Der Nationale Volkskongress ist am Donnerstag in Peking mit einer kleinen Niederlage gestartet. Normalerweise unternimmt die Volksrepublik China vor wichtigen repräsentativen Terminen einiges, um die Luftverschmutzung in der chinesischen Hauptstadt einzuschränken. Als aber die rund 3000 Delegierten am Morgen die Treppenstufen zur Großen Halle des Volkes hinaufstiegen, wölbte sich ein graublauer Himmel über dem Tiananmenplatz im Zentrum Pekings. Und die Luftverschmutzungs-App der US-amerikanischen Botschaft meldete ungesunde Werte. Prompt gestand Chinas Premierminister Li Keqiang in seinem jährlichen Rechenschaftsbericht zu Beginn der zehntägigen Sitzung ein: „Wir müssen die Umweltverschmutzung mit aller Macht bekämpfen.“
Der Regierungschef ist zu diesem Satz womöglich geradezu genötigt worden, weil im Vorfeld des Volkskongresses der Film „Unterm Firmament“ der ehemaligen CCTV-Journalistin Chai Jing die öffentliche Diskussion auf die gesundheitsgefährdende Luftverschmutzung in China gelenkt hatte. Der Internet-Film fand erst große Beachtung bei der chinesischen Bevölkerung und dann auch bei den Zensoren. Diese mussten offenbar verhindern, dass während des Volkskongresses, eines Scheinparlaments, das noch nie eine Gesetzesinitiative abgelehnt hat, ein von außen hereingebrachtes Thema die politische Agenda bestimmt. Die Botschaft des Regierungschefs beinhaltete am Donnerstag die Warnung vor einem langsameren wirtschaftlichen Wachstum der Volksrepublik.
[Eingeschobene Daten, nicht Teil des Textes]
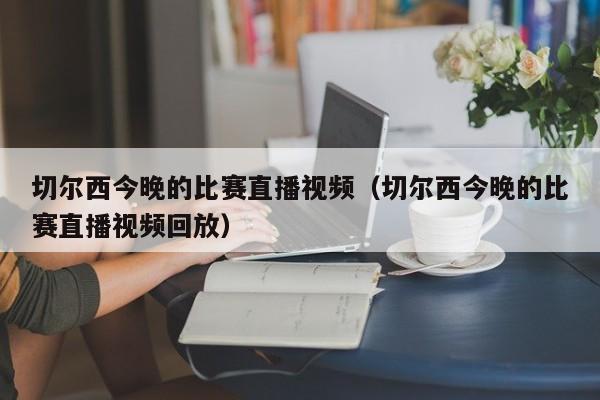 切尔西今晚的比赛直播视频（切尔西今晚的比赛直播视频回放）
Korruption und Misswirtschaft
„Es wird schwieriger, ein stabiles Wachstum aufrechtzuerhalten“, sagte Li Keqiang in seiner eineinhalbstündigen Rede. Er prophezeite für das Jahr 2015 ein Wachstum von ungefähr sieben Prozent. Das wäre der geringste Wert seit 1990. Im vergangenen Jahr war die Wirtschaft bereits für chinesische Verhältnisse ungewöhnlich gering gewachsen, mit 7,4 Prozent sogar weniger als von der chinesischen Regierung erwartet. Allerdings bezeichnet Li Keqiang, der einen Doktortitel in Wirtschaft hat, diese Wachstumsdimension als „neue Normalität“. Chinas Wirtschaft erwarte ein noch schwierigeres Jahr als 2014, sagte der Premierminister, „das Wachstumsziel von geschätzten sieben Prozent berücksichtigt, was notwendig und was möglich ist“.
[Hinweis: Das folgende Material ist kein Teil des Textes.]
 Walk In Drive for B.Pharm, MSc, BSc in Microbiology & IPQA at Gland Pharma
Auf dem Weg zu einem nachhaltigeren und vom Binnenkonsum gestärkten Wachstum sollen die staatseigenen Unternehmen weiter reformiert werden. Die Inflation der Verbraucherpreise soll 2015 bei drei Prozent liegen. Außerdem will die Regierung zehn Millionen neue Jobs schaffen, die Arbeitslosenquote soll 4,5 Prozent nicht überschreiten. Trotz der wirtschaftlichen Schwierigkeiten leistet sich China zum fünften Mal in Folge mit 10,1 Prozent einen zweistelligen Zuwachs im Militärhaushalt, was den chinesischen Nachbarstaaten Sorgen bereiten dürfte. Auch prangerte Li Keqiang Korruption und Misswirtschaft an. „In der Arbeit der Regierung gibt es noch viel zu verbessern, und einige politische Maßnahmen werden nicht zufriedenstellend umgesetzt“, sagte er. Auch darüber dürfte in den nächsten Tagen in Peking gesprochen werden.
Im Übrigen sagt das Ministerium für Umweltschutz für Freitag und Samstag „heftige Luftverschmutzung“ in Peking und Umgebung voraus. Auch das ist die neue Normalität in China. Aber das hat Li Keqiang nicht gesagt.